As health systems face immense pressure to improve efficiency and reduce costs, leveraging technology solutions and high-value data can help drive financial improvements.
High-Value Data Clears the Path to Value-Based Care
The necessary transition away from fee-for-service (FFS) to value-based care (VBC) is another industry challenge that data can help healthcare organizations rise to meet.
While medical economic forces are driving the transition to VBC, the migration has been slower than expected or predicted; in 2016, 65 percent of health systems leaders said VBC would be the standard payment model by 2021, according to a report from the Medical Group Management Association (MGMA). While small, nimble market disruptors are migrating to VBC faster, 75 percent of total revenue for large organizations still comes from FFS, according to an updated report.
High-value data can support predictive technology models that elucidate the risk/reward ratio, ultimately presenting a glide path for faster adoption. A willingness in organizations to make large shifts in financial infrastructure to support population-based payments will also accelerate the shift.

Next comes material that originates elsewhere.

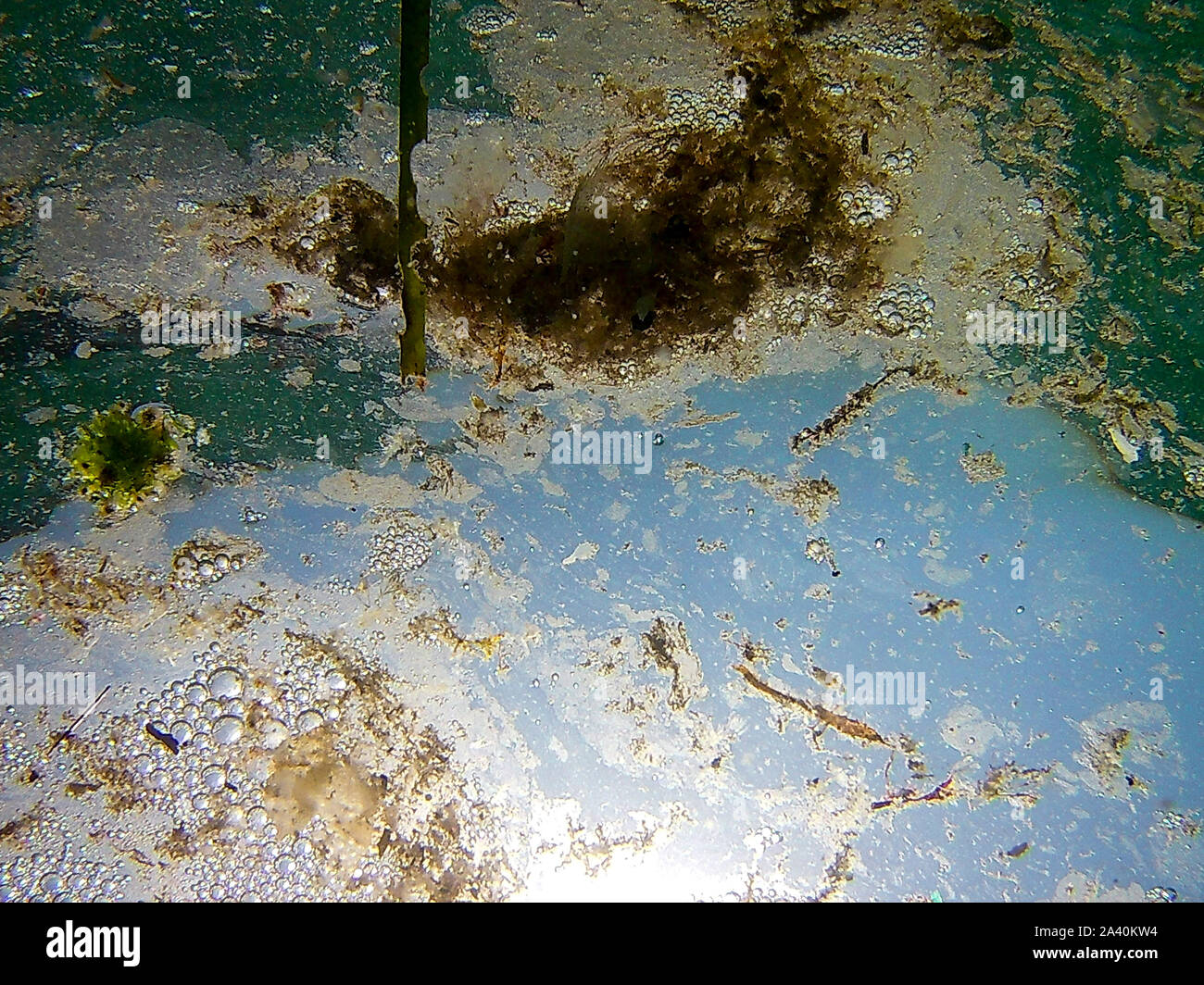 Bonassola (SP)-Mare sporco e invaso da meduse Stockfoto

This winning combination of high-value data and a willingness to innovate can be seen in the successful transformation made by UC San Diego Health to value-based care. UC San Diego Health sought to transform its organization, expanding beyond fee-for-service, transitioning to value-based care, and improving the health of its patient population by forming its Medicare Shared Savings Program (MSSP) ACO. The organization’s leaders realized they needed a better understanding of their organizational strengths, opportunities for improvement, and actionable, timely data that would enable them to improve outcomes, reduce waste, and succeed in value-based care. The organization leveraged an analytics platform to give insight into performance and improvement opportunities, educating and engaging ACO providers. In addition to supporting VBC efforts, UC San Diego Health’s data-informed improvements have lowered waste and decreased costs, including $883K in cost avoidance, the result of a reduction in per member per month.

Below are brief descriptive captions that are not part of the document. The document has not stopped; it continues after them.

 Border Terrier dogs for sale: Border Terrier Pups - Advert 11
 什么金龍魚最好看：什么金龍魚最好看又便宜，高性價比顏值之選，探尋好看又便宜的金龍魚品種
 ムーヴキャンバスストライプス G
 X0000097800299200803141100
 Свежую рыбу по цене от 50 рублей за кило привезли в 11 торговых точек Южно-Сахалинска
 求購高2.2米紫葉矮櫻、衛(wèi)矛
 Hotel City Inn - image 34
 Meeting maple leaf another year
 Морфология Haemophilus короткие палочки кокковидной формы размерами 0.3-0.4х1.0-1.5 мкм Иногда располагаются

While questions remain about what will drive a faster, greater shift to value-based payment models and factors behind the slow migration from FFS to value-based payment models, diving into the data will give us better insights into what is working and what is getting in the way.
Integrating Data, Analytics, and AI into Provider Workflows and Executive Decisions
Finally, many healthcare providers feel they’re drowning in a tsunami of data, but an incomplete understanding and adoption of data, analytics, and applied AI technology are preventing their optimal use of that data for point-of-care solutions.

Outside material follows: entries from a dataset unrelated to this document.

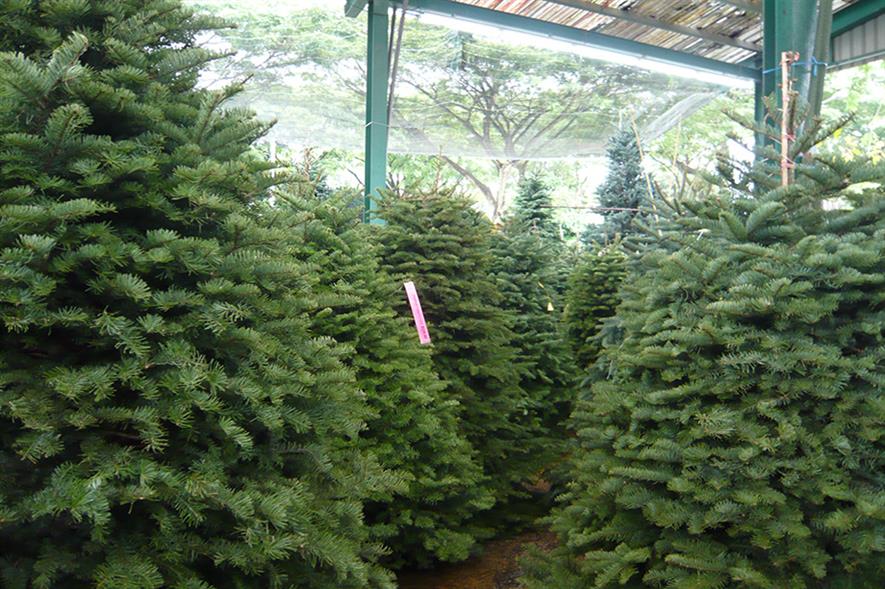 Christmas trees: overall quality of trees is good (Pic: kfcatles/Flickr.com)
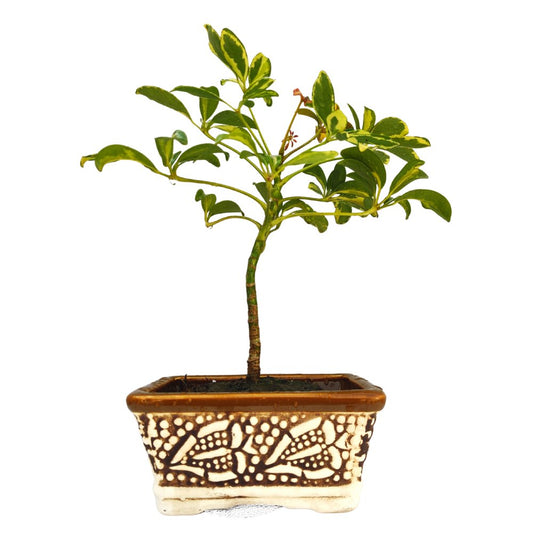 Buy Serissa Mame Bonsai Tree - Flowering Bonsai Plants - Abana Homes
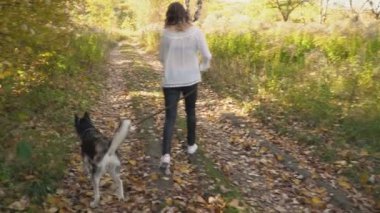 bir köpek ırkı Husky kızla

Executive use of AI and high-value data insights in decision-making needs improvement and multiplying these problems is a mismatch between providers’ and executives’ perceptions and the reality of their data intelligence. While we are still a long way from optimizing the use of data intelligence to solve our industry problems, enabling strategies using analytics and technology is critical to reducing costs and optimizing care outcomes.
To accomplish this, we need to increase providers' trust in the quality and validity of the data and educate them on the use of high-value data and analytics applications. If we can shift organizational perspectives on the value of data, analytics, and AI-engineered solutions, we can leverage the use of advanced tools and AI in decision making to reframe AI as a tool to help providers work better–not replace–human judgment. Informed decision-making, combined with AI adoption, will enable streamlined, scalable care decisions that can effectively address many of the trends impacting the industry today.